## Work required
When you copy the data, keep every word exactly as it is and leave the pictures out.

## Extracted records

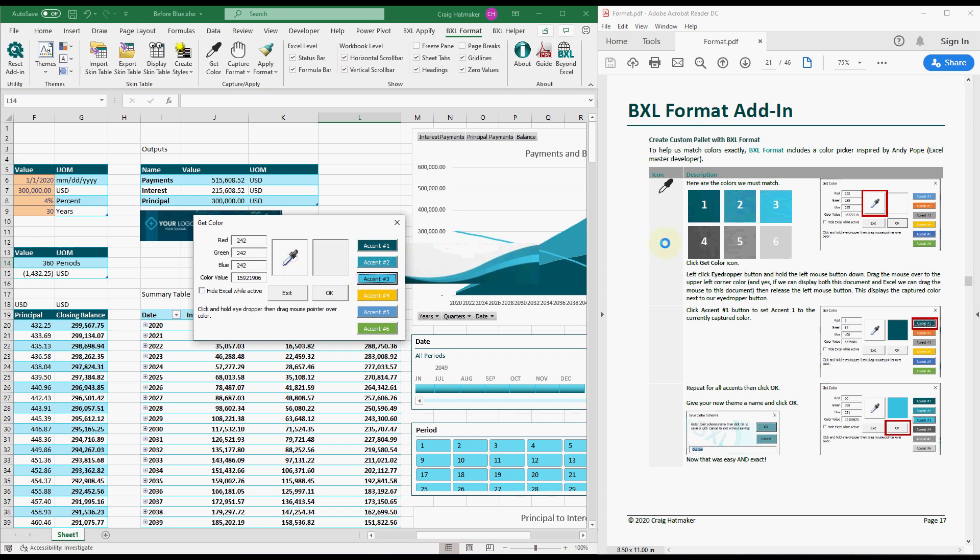As you can see, BXL Format's Get Color tool makes creating perfect palettes quick and easy.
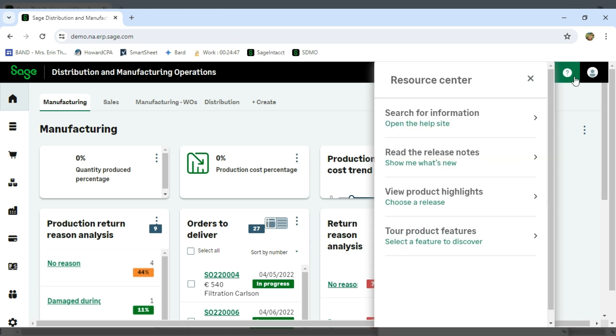With SDMO, there are new releases every single month. This actually is what makes Sage Distribution and Manufacturing Operations really a standout from any other software that's out in the marketplace today.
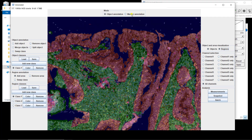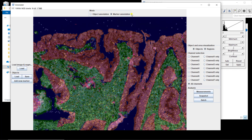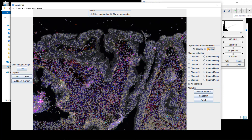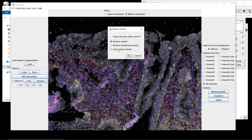Now we can try to associate markers with nuclei. We change the mode on top from 'Object Annotation' to 'Marker Annotation'. We still have the same right panel. Since we're interested in markers, we don't need the regions anymore, so I'm going to get rid of them. Then we can add new markers. Let's add a new marker — a window pops up asking which kind of marker: nuclear, nuclear membrane, or cytoplasmic.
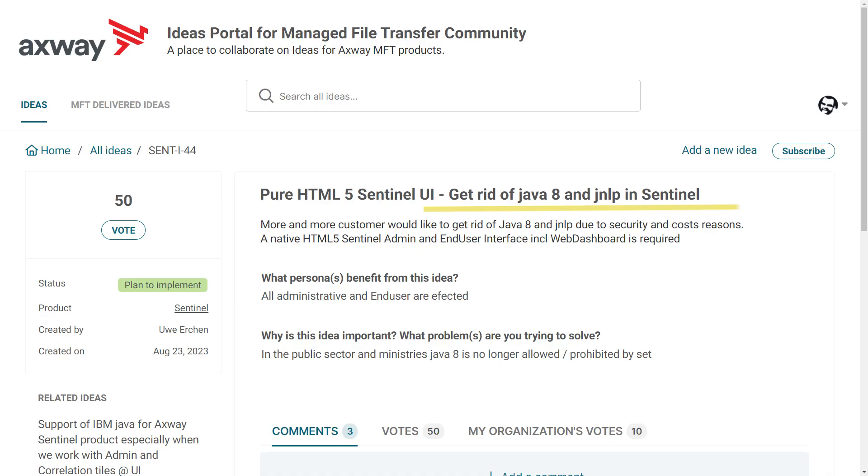Hi! This month we are thrilled to announce the release of the new Sentinel correlation UI. This new HTML UI replaces the old applet. Let's have a look.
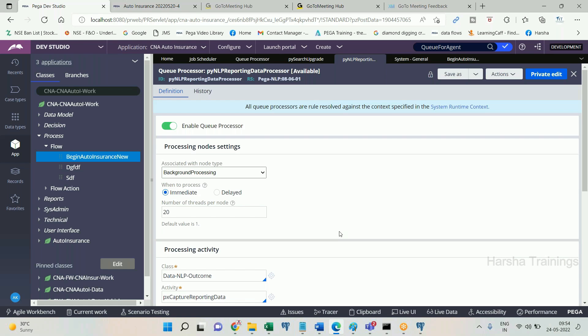I will explain more details about queue processor tomorrow, as time is not sufficient today. We need to discuss parameters like standard, dedicated, Kafka design, queue messages, and more. Today I covered the advantage of queue processor over standard agent, and job scheduler over advanced agent.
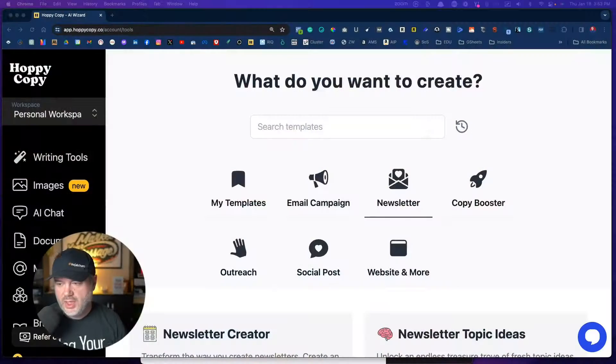In this video, we're going to talk about creating that newsletter. Maybe you have a weekly newsletter and you're always trying to come up with new ideas. You're not quite sure what to talk about. HoppyCopy's got a lot of features to help us with our newsletter. So let's jump in and let me show you what I like to do.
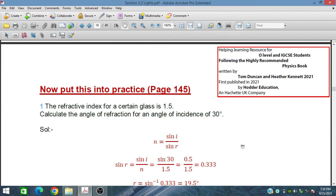Bismillahirrahmanirrahim. In this session we will discuss some practice questions on the law of refraction or refractive index, and moreover we will also discuss total internal reflection and some related numericals and problems.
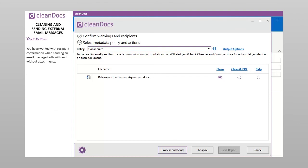You have worked with recipient confirmation when sending an email message, both with and without attachments. You have reached the end of this topic. Click the Exit button on the navigation bar below to finish.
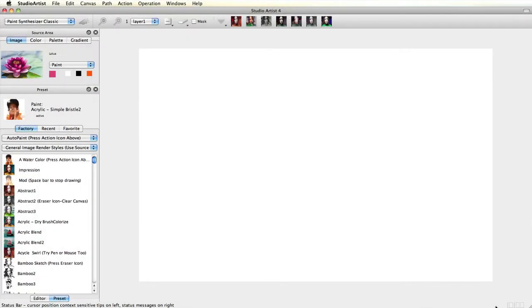This video will demonstrate how to change and manage color in the Paint Synthesizer Editor. Please note all these edits will work for Auto, Assisted, or Manual presets.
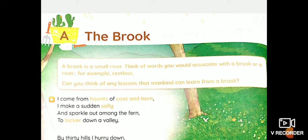Hello students, how are you all doing today? I hope you all are safe and healthy. So students, let's start today's session. Now, about today's session, student, this is your video one. Today's session consists of two videos.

## Exercise result
As you can see, BXL Format's Get Color tool makes creating perfect palettes quick and easy.
With SDMO, there are new releases every single month. This actually is what makes Sage Distribution and Manufacturing Operations really a standout from any other software that's out in the marketplace today.
Now we can try to associate markers with nuclei. We change the mode on top from 'Object Annotation' to 'Marker Annotation'. We still have the same right panel. Since we're interested in markers, we don't need the regions anymore, so I'm going to get rid of them. Then we can add new markers. Let's add a new marker — a window pops up asking which kind of marker: nuclear, nuclear membrane, or cytoplasmic.
Hi! This month we are thrilled to announce the release of the new Sentinel correlation UI. This new HTML UI replaces the old applet. Let's have a look.
I will explain more details about queue processor tomorrow, as time is not sufficient today. We need to discuss parameters like standard, dedicated, Kafka design, queue messages, and more. Today I covered the advantage of queue processor over standard agent, and job scheduler over advanced agent.
In this video, we're going to talk about creating that newsletter. Maybe you have a weekly newsletter and you're always trying to come up with new ideas. You're not quite sure what to talk about. HoppyCopy's got a lot of features to help us with our newsletter. So let's jump in and let me show you what I like to do.
Bismillahirrahmanirrahim. In this session we will discuss some practice questions on the law of refraction or refractive index, and moreover we will also discuss total internal reflection and some related numericals and problems.
You have worked with recipient confirmation when sending an email message, both with and without attachments. You have reached the end of this topic. Click the Exit button on the navigation bar below to finish.
This video will demonstrate how to change and manage color in the Paint Synthesizer Editor. Please note all these edits will work for Auto, Assisted, or Manual presets.
Hello students, how are you all doing today? I hope you all are safe and healthy. So students, let's start today's session. Now, about today's session, student, this is your video one. Today's session consists of two videos.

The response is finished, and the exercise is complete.